The open area consisted basically of the space at the bottom of the stairs. What was available to be seen included eight display cases of miscellaneous artifacts ranging from arrowheads to storyteller figures, the ethno-botanic garden (which is in the midst of a rehab), mural paintings from the Santa Fe Indian School and glimpses through glass doors of former exhibit halls filled with cleaned and catalogued items from the collection.
Arroyo Seco Neighborhood Council and Friends of the Southwest Museum member Ann Walnum pointed out that the dioramas of Native American life that used to line the tunnel into the museum—a feature that many Angelenos remember vividly from school trips to the museum—are still nowhere to be seen.
According to Stan Moore of the Historic Highland Park Neighborhood Council and Friends of the Southwest Museum Coalition, the reason Autry’s decision to open a bit of the Southwest on Saturdays is that the Autry was at risk of losing $6+ million in grant money if the Southwest remained locked up tightly.
Regardless of the reason for the opening, Northeast L.A. residents welcomed the opportunity to connect with friends at the local historic landmark and welcomed the experience of the day in a spirit of optimism that someday enough of the facility will be open to officially qualify the site as a museum again.
In other Southwest Museum news, a ruling on a court case brought against the City of Los Angeles by the Mount Washington Homeowners Alliance and the Highland Park Heritage Trust is expected June 21. However, the judge has already indicated that the ruling will not go well for the community organizations. Spokespeople for the organizations are not commenting for the time being, as the ruling is not final, and as they have not yet had the opportunity to read the full decision.
The two organizations contend that a state-funded Autry renovation, undertaken in large part to display Southwest museum artifacts in Griffith Park, is subject to environmental review under the California Environmental Quality Act (CEQA). Neither the Los Angeles City Council nor the City’s Recreation and Parks Commissioners deemed a CEQA review to be necessary as they gave the go ahead to the Autry remodel on city parkland.

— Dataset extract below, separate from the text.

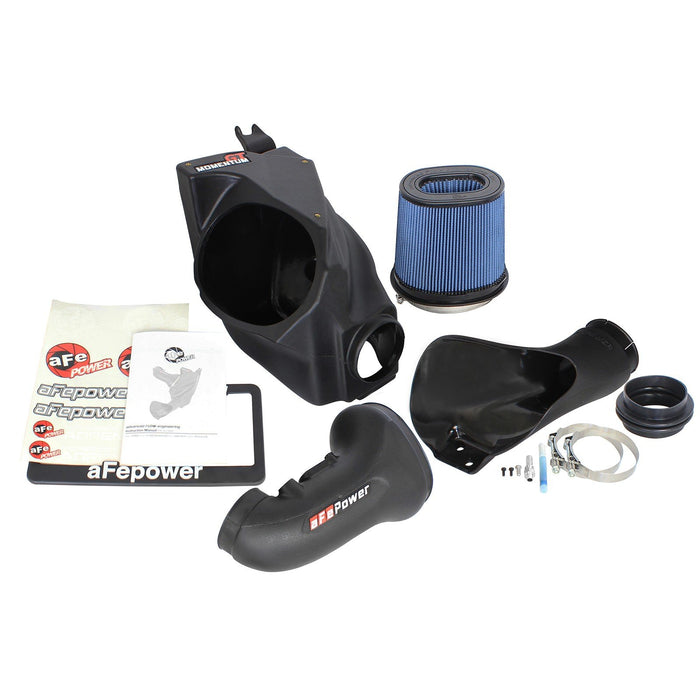 aFe Power Momentum GT Cold Air Intake System w/ Pro Media Cadillac CTS-V 09-15 V8-6.2L (sc)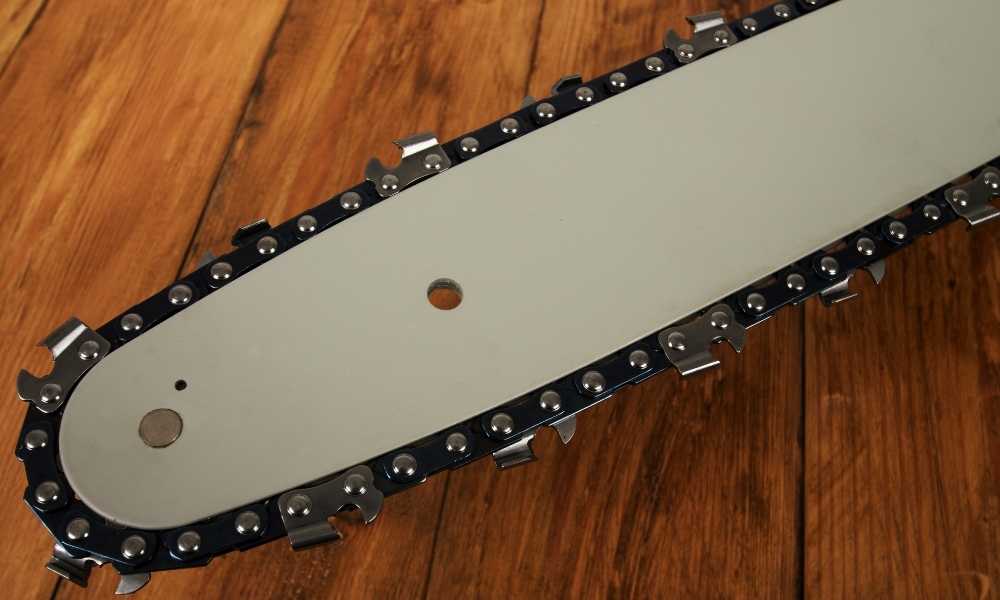 Correct size chainsaw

The review process, if required, would have led to a thorough vetting of a variety of impacts of the project on its local area and would have required putting forth alternatives to the remodel, including the possibility of maintaining the Southwest Museum as the collection’s home, an alternative deemed reasonable by noted preservation architect Brenda Levin at the time of the merger. The law suit accused the Autry of attempting to bury the Southwest Museum name–an action contrary to promises the Autry made in the 2003 merger agreement and contrary to the City’s own Northeast Los Angeles Community Plan. The case was filed in July of last year.